On Monday, political turmoil in Saudi Arabia boosted oil prices to their highest level in two and a half years. The country’s 32-year old crown price, Mohammed Bin Salman, ordered the arrest of much of the country’s top leadership. Such a move was apparently necessary to tackle corruption even as the young prince attempts to modernize the Saudi economy.

As a result, oil prices gained, with Brent crude increasing 3.4% to $64.27 a barrel and WTI crude rising 3% to $57.35 per barrel.

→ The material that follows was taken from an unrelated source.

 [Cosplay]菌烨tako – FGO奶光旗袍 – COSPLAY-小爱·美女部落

Further, the oil rally led the Energy Select Sector SPDR (XLE) to advance 2.3%, becoming the biggest gainer among the key S&P 500 sectors.

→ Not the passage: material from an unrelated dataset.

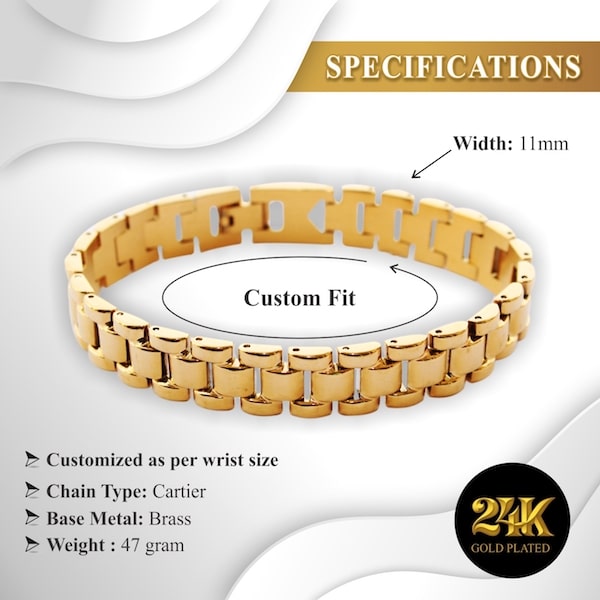 24k Gold Double Dragon Wealth Bracelet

Though skeptics are already depicting the spike as a temporary one, several factors may combine to boost oil prices for a longer period. Adding stocks from the oil sector to your portfolios looks like a smart move at this point.

Purge to Tackle Corruption or Advance Consolidation?

Since his elevation, the crown prince has been touting his Vision 2030 plan as the best way to channelize the Saudi kingdom’s oil based clout into broad based economic growth. His plans include economic diversification and selling off a near 5% stake in state-owned oil behemoth Aramco. These moves are aimed at making the country more investor friendly by boosting levels of transparency.

Yet there are major hurdles to be cleared before such a listing becomes possible. Allegations abound that a large chunk of the expenses of Saudi Arabia’s royalty show up on Aramco’s books. Meanwhile, Saturday’s purge has been ostensibly aimed at rooting out corruption at the very top.

However, top Middle East analysts believe that this could only be a move to consolidate the young prince’s power. In the process, opposition to his plans could be swiftly removed. But at the same time, the Aramco stake sale may be threatened since investors would be weary of excessive political uncertainty. In this event, a private placement with investors from Russia and China seems more likely.